Mayor of Havana
- In office June 19, 1898 – January 1, 1899
- Preceded by: Miguel Diaz
- Succeeded by: Perfecto Lacoste
- Constituency: Captaincy General of Cuba

Personal details
- Born: Pedro Esteban y González-Larrinaga 1850 Havana, Captaincy General of Cuba, Spanish Empire
- Died: Unknown

= Pedro Esteban González-Larrinaga =

Former mayor of Havana

Pedro Esteban y González-Larrinaga, also known as Marquis de Esteban, was the last Spanish Mayor of Havana elected under Spanish rule.

==Early history==
Pedro Esteban y González-Larrinaga was born in Havana, Spanish Cuba in 1850. His relatives were one of the old wealthy Spanish families in Cuba. He was bestowed the non-royal title of Marquis de Esteban, which translates as Marquis of Esteban based on his father's surname. His maternal grandfather was Don Ignacio González-Larrinaga y Benítez, an honorary intendant of the Navy.

On December 17, 1879, he graduated from the Universidad de la Habana and received his Bachelor of Laws.

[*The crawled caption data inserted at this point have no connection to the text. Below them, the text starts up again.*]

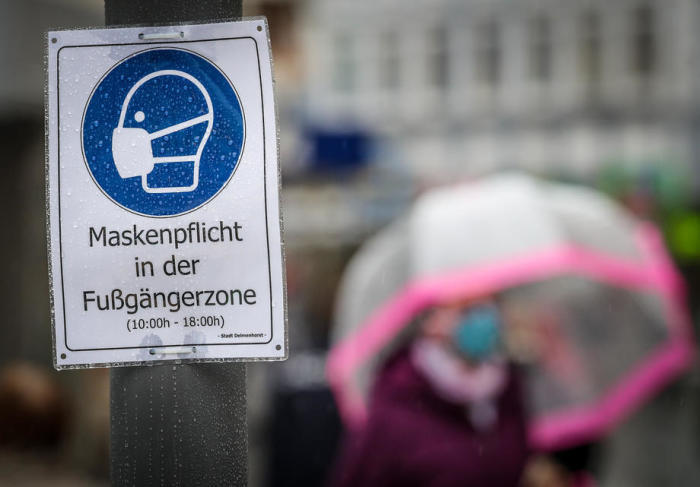 Auf einem Schild im Stadtzentrum von Delmenhorst, Norddeutschland, steht 'Gesichtsmasken in der Fußgängerzone obligatorisch'. Foto: epa/Focke Strangmann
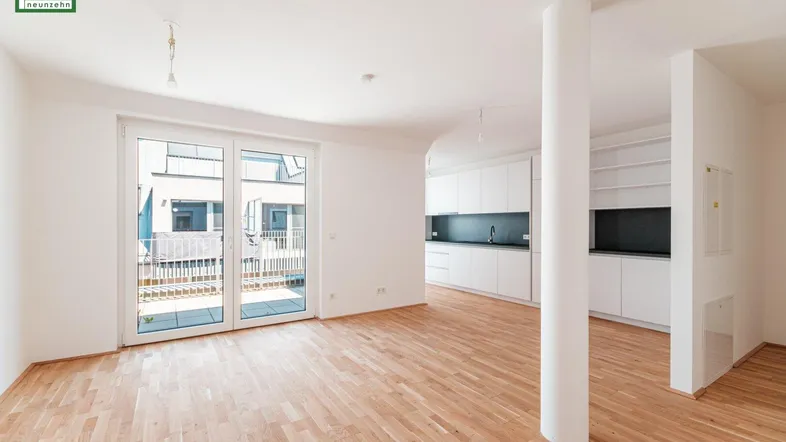 Heller, offener Wohn- und Essbereich mit Holzboden und Zugang zu einem Balkon.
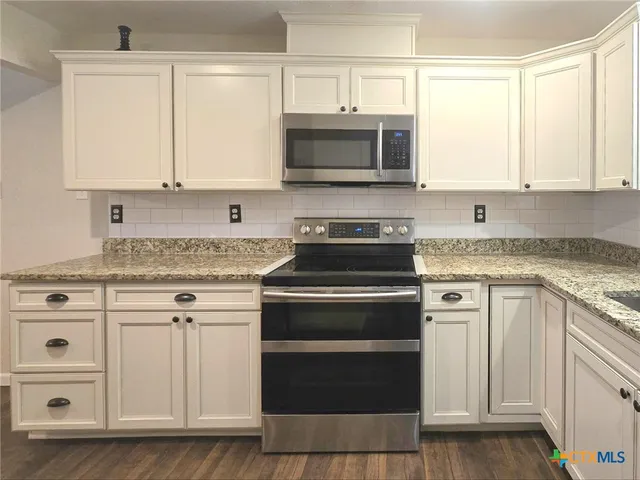 a kitchen with white cabinets and appliances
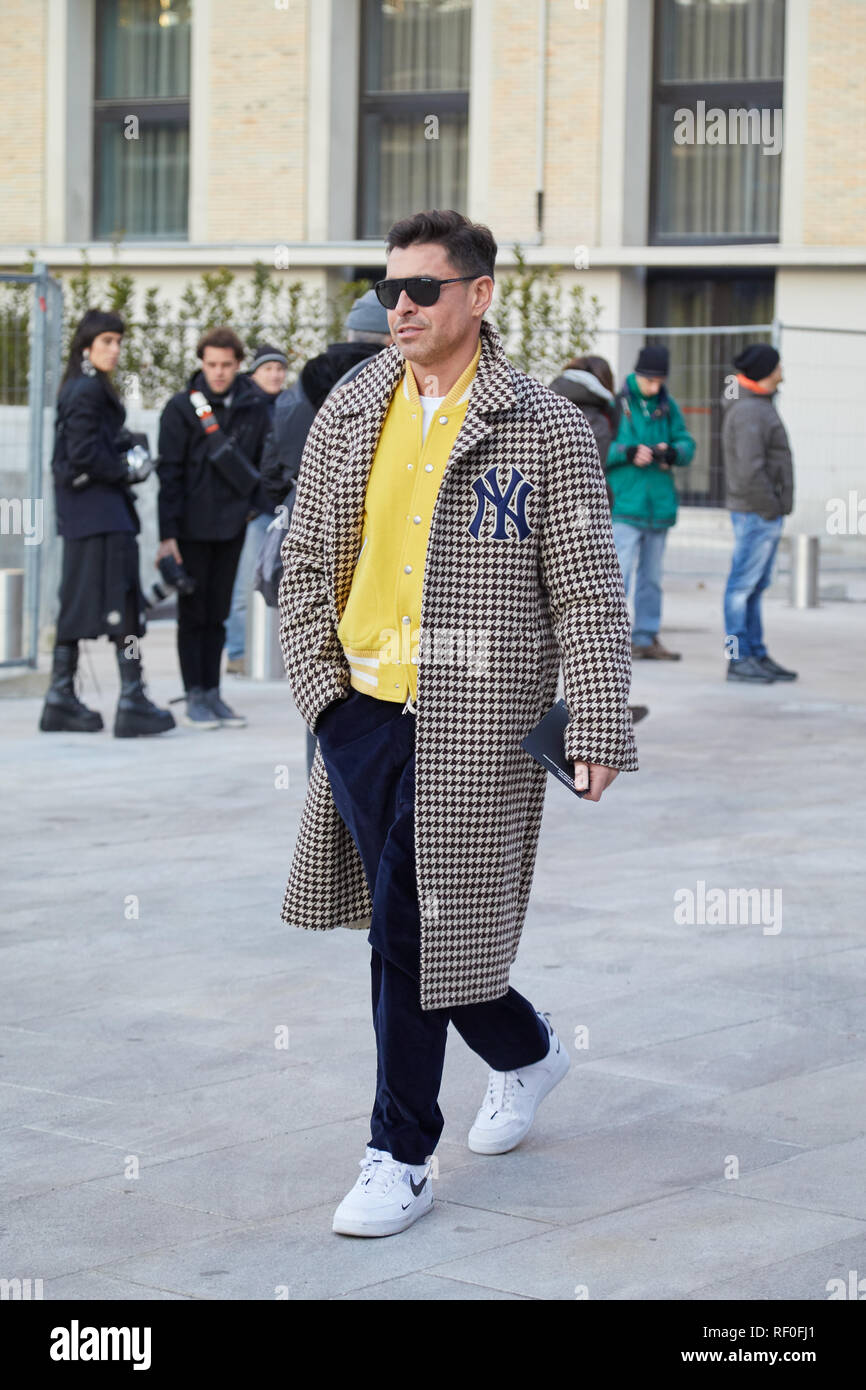 MILAN, ITALY - JANUARY 12, 2019: Alex Badia with white Nike shoes before  Neil Barrett fashion show, Milan Fashion Week street style Stock Photo -  Alamy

By the 1890s, he was a large property owner.

==Politics==
Pedro Esteban, who succeeded a conservative mayor, was appointed by Captain General Ramón Blanco rather than being chosen by popular vote. He was a member of the Autonomist Junta in Havana. Despite the papal title, he had no qualifications or experience in politics.

Marquis of Esteban took up his post on June 19, 1898, serving as the Mayor and president of the City Council of Havana.

In December 1898, he witnessed the ashes of Christopher Columbus being transferred from the Havana Cathedral to the Spanish cruiser Conde del Venadito.

At the time of the Spanish evacuation, the civil government surrendered. He held the position of municipal mayor of Havana until January 1899 when American military authorities appointed Cuban Perfecto Lacoste.